Also, in accordance with IRS rules, an LLC can only have two of the following:
- continuity of life
- free transferability of ownership assets
- centralization of management
- limited liability
If more than two of these are present with respect to any entity, the IRS will classify that entity as a corporation.
Lastly, I would almost never recommend an LLC when the business requires significant capital investment. The primary reason is that investors can be hesitant to invest in a company with an unfamiliar structure. Again, corporations are governed by state statute and will vary little. LLCs are free to be designed (and amended) however the owners wish. This is unacceptable to many large investors.
However, most small business owners decide that the drawbacks of the LLC are significantly outweighed by the flexibility and lack of formalities. Because most business don’t receive financing from more than one or two sources, I set up more LLCs than any other business entity.
LLC Election as an S Corporation
Complicating everything, it is worth noting that LLCs can elect with the IRS to be taxed a S corporations. This is a big and complicated topic, so I will give this topic its own article.
Sole Proprietorships and Partnerships
Before the introduction of the S corporation and LLC, doing business as a sole proprietorship or as a partnership could occasionally be justified. Today it would be malpractice to advise a client to continue on in such a business.
If you aren’t doing business as a limited liability entity, you are exposing every one of your personal assets to creditors of all kinds. However, you do so without any benefit that can’t also be found in other entities. S corporations and LLCs enjoy the same single taxation as the partnership and sole proprietorship, and LLCs enjoy the same degree of management and profit-sharing flexibility.
Despite sole proprietorship and general partnerships being obsolete, I include this discussion to alert you to one very relevant issue.

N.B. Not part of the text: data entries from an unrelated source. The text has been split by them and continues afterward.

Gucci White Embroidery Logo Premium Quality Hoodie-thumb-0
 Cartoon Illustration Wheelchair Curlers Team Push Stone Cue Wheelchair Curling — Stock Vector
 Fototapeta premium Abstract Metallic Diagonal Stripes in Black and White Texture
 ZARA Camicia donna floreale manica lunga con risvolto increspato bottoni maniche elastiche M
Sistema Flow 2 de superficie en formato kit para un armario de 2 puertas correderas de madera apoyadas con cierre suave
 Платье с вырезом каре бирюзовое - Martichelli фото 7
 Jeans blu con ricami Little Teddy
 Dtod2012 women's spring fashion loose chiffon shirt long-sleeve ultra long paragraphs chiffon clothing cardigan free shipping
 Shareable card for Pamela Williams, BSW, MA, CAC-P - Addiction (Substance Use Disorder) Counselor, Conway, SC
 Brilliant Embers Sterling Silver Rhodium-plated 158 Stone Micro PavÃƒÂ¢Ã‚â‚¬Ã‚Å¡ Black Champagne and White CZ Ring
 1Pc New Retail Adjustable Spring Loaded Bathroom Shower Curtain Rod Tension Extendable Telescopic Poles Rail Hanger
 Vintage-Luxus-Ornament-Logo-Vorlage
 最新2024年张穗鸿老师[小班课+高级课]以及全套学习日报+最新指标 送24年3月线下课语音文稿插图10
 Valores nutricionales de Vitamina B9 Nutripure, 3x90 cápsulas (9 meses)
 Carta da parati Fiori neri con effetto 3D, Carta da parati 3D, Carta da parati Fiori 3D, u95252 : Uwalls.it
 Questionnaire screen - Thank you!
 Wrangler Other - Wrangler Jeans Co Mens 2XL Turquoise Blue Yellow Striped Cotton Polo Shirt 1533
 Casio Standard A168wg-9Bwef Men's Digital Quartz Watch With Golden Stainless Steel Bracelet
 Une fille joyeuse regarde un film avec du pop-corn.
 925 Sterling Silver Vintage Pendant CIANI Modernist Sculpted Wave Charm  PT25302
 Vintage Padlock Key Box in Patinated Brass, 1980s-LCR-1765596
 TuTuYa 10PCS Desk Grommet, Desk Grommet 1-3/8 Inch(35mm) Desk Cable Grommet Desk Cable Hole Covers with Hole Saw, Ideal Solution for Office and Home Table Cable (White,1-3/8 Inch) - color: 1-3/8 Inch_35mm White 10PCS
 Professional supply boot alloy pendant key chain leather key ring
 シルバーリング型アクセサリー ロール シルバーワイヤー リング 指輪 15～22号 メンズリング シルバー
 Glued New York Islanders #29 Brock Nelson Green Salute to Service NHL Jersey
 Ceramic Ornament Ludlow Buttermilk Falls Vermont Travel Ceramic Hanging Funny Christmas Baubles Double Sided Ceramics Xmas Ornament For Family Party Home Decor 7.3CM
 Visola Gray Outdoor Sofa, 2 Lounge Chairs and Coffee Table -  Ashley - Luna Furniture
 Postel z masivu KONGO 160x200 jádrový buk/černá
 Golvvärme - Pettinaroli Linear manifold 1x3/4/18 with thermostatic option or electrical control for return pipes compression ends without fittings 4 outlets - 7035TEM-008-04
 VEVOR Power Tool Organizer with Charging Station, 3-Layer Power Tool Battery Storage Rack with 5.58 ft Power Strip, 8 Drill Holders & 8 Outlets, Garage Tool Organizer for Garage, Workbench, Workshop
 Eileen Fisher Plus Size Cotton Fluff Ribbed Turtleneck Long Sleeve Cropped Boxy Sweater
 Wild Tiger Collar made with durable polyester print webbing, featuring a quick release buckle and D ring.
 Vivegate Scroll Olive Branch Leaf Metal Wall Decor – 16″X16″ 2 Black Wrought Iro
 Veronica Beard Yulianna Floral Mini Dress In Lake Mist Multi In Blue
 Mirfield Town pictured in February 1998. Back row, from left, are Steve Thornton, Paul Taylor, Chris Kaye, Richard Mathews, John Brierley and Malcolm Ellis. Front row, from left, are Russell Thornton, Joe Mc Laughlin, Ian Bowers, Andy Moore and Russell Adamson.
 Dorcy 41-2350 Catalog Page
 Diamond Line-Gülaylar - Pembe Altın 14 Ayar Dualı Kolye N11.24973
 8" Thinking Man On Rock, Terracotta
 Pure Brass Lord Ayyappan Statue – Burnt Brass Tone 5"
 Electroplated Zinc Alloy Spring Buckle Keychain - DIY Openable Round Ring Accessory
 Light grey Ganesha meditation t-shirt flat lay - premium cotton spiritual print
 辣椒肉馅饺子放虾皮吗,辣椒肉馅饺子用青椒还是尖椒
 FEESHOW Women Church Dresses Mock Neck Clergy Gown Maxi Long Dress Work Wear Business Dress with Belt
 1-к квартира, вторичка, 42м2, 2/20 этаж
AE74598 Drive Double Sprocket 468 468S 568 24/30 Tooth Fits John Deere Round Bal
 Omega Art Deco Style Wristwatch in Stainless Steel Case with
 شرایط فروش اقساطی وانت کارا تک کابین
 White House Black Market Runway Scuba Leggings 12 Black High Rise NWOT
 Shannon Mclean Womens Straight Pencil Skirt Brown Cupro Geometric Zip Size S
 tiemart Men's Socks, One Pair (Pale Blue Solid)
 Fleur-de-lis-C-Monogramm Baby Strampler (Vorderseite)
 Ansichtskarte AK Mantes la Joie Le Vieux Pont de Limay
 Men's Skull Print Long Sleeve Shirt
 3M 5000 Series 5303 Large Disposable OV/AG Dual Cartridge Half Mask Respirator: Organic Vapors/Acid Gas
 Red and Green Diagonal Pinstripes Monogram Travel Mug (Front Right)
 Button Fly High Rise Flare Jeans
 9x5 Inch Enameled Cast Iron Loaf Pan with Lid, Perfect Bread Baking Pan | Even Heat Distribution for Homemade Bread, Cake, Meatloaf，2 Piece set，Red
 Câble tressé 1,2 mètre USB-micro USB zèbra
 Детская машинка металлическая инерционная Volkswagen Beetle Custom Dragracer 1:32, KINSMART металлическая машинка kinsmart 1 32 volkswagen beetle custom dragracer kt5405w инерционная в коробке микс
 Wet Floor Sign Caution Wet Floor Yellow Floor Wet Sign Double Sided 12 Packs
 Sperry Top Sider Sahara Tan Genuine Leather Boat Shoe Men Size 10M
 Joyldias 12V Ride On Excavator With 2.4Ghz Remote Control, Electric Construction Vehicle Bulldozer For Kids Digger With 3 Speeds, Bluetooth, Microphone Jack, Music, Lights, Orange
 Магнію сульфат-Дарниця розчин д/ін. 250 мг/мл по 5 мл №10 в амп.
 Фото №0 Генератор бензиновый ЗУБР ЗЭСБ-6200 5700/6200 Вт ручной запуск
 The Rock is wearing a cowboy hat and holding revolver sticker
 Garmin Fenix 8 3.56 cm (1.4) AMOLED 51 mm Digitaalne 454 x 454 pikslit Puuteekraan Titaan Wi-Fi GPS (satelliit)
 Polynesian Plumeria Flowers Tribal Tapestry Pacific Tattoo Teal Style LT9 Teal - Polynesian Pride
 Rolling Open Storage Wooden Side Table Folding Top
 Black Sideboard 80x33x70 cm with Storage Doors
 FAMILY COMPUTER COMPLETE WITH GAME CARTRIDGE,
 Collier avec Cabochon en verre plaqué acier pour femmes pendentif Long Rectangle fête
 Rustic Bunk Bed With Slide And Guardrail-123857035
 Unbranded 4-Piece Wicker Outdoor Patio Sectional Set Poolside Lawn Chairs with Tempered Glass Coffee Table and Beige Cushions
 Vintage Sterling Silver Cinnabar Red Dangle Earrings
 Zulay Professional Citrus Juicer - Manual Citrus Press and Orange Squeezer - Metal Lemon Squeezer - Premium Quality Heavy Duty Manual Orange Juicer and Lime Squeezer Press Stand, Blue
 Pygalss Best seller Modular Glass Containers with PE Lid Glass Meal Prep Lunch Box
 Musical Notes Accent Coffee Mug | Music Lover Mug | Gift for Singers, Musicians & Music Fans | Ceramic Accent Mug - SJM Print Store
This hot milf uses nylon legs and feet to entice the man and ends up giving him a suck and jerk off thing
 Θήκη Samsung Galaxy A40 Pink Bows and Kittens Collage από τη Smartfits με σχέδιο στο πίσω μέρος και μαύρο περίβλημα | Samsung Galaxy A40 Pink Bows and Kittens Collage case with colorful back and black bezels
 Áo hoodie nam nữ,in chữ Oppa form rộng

The Revised Uniform Partnership Act, enacted in most states, including Arkansas, defines a partnership as “an association of two or more persons to carry on as co-owners a business for profit.” This definition is spectacularly broad and has entrapped many. You will notice that nowhere in this definition is any requirement of a formal partnership agreement. As such, even a faint degree of association can suffice to make you liable for the conduct of another.
So be careful when your golfing buddy talks you into even a limited role in his “side business”.